This repository contains two different approaches to building an AI for the classic game of Tic-Tac-Toe:
- Reinforcement Learning with Deep Q-Network (RL-DQN)
- Deep Neural Network (DNN) with Minimax and Alpha-Beta Pruning
Each approach is implemented in a separate folder, and both include a Flask-based web interface for playing against the AI.
tic-tac-toe-RL-DQN/
├── create_model.py # Script to create and train the RL-DQN model.
├── app.py # Flask application for the web interface.
├── templates/
│ └── index.html # HTML file for the web interface.
└── static/
├── style.css # CSS for styling the web application.

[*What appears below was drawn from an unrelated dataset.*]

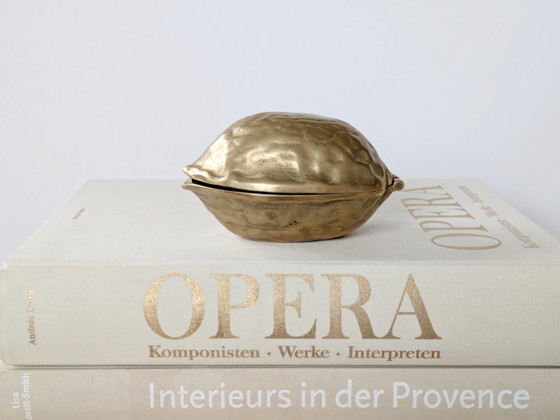 Image 1 of Cascanueces de nogal y latón de mediados de siglo | Decoración navideña de latón macizo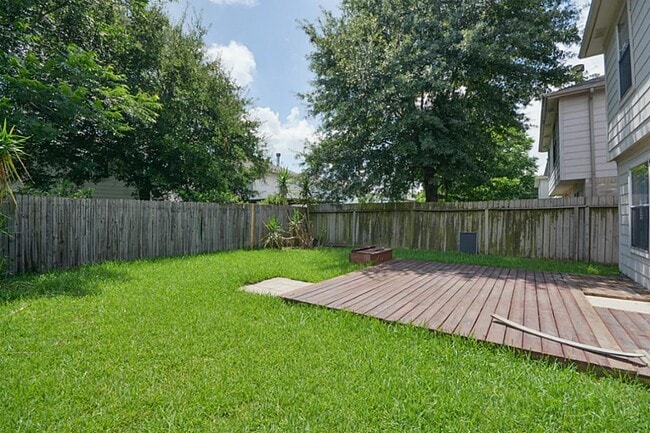 Building Photo - 16318 N Glade Dr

└── script.js # JavaScript for game functionality.
tic-tac-toe-DNN/
├── create_model.py # Script to create and train the DNN model.
├── app.py # Flask application for the web interface.
├── templates/
│ └── index.html # HTML file for the web interface.
└── static/
├── style.css # CSS for styling the web application.
└── script.js # JavaScript for game functionality.
- Environment: The
TicTacToeEnv
class simulates the Tic-Tac-Toe game, handling the game state, moves, and rewards. - DQN Agent: The
DQNAgent
class implements the Deep Q-Network, which learns to play the game by interacting with the environment. It uses a neural network to approximate the Q-value function, which estimates the expected future rewards for each action. - Training: The agent is trained over multiple episodes, where it plays the game and updates its Q-values based on the rewards received. The agent uses an epsilon-greedy strategy to balance exploration and exploitation.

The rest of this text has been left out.